I find it sort of amusing that I use pictures to track how big Finn is getting because I don't really realize how much he changes until I put two pictures side by side.  The same could be said of me - I didn't realize how big I was getting until I put two pictures side by side.  Some day, I'll show you a picture of me right before we moved from Kansas City, when I was at my heaviest, and a current picture.  When I work up the nerve.  It's not pretty and it's causing me to dig deeper into why I eat.  I can't blame my weight on being "big boned" or being "ill-proportioned."  There are clearly other reasons.  So when we came back from Thanksgiving I started to control my portions, I eat off of a small plate whenever possible, I eat more salads and most importantly,  I track what I eat.  Every. Single.

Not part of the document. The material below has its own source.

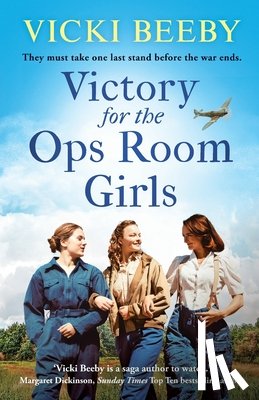 Beeby, Vicki - Victory for the Ops Room Girls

Thing.  And let me tell you, all those Christmas cookies that I baked did not get eaten by me because I didn't want to write down: Lunch: 5 sugar cookies, 2 gingerbread men and 3 chocolate drops.  Did I have a couple of Christmas cookies this year?  Of course, just not as a meal and not every day.  Is this tracking working for me?  Slowly, but the scale goes down every week, so something must be going right.

Today, I made some not so great food choices; what I thought was a decent breakfast turned out to be a death-trap in disguise.  I logged what I ate and it started back at me in huge bold letters: POOR CHOICE, HEATHER.  My heart beat a little faster, my palms were a little sweaty and I thought about quitting.  Tossing in the towel and saying, "Mother eff it.  I'm done.  Cause that breakfast was delicious!"

But I didn't.

Instead, I looked at the choices that I'd made and thought about what I can do different next time.  And that's key for me; that's a big step.  I didn't focus on what I should have done differently, because I'd already made those choices and I know that I can't go back and undo them.  But I can learn from them and I can make better choices next time.

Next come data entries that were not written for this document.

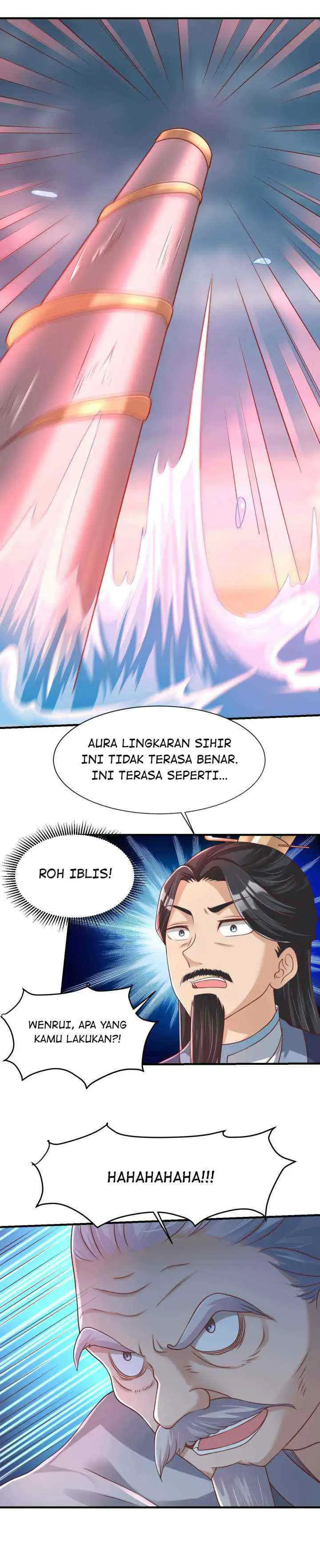 After The Friendship Full chapter 61 halaman 9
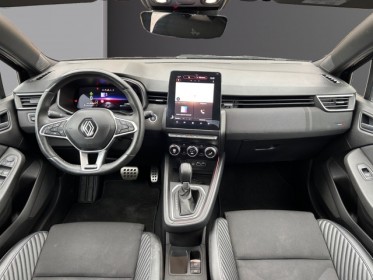 Renault clio v nouvelle esprit alpine e-tech hybrid 145ch - full - premiere main - occasion simplicicar compiegne simplicicar...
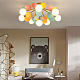 Потолочная люстра Imperium Loft Light Of Matisse C Self D72 White 191890-26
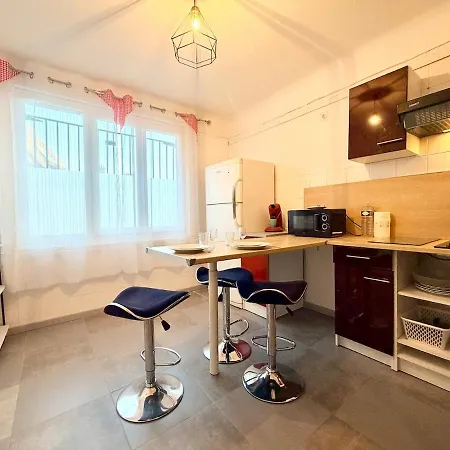 Szálloda La Coloc Suedoise Calais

And then I showed myself a little grace.  We all stumble sometimes.  The question is, are we going to lay in the middle of the road and continue to let cars run over us?  Or are we going to pick ourselves up, brush off the dust and continue forward?  I chose to move forward 4 miles with Finn in the stroller and by the time I got back home, I'd forgiven myself an indulgent morning and vowed to do better at dinner.

With that in mind, I really only have 3 New Year's Resolutions for 2012:
  1. Make good choices, be it food, exercise, or words; but be kind to myself if I teeter a little (as I surely will). 
  2. Loose weight.  Not necessarily to get to a magic number, although I do have one, but more to get to a magic feeling.
  3. Run a 5k.
Do you make New Years Resolutions?  I'd love to hear what your goals are for the coming year.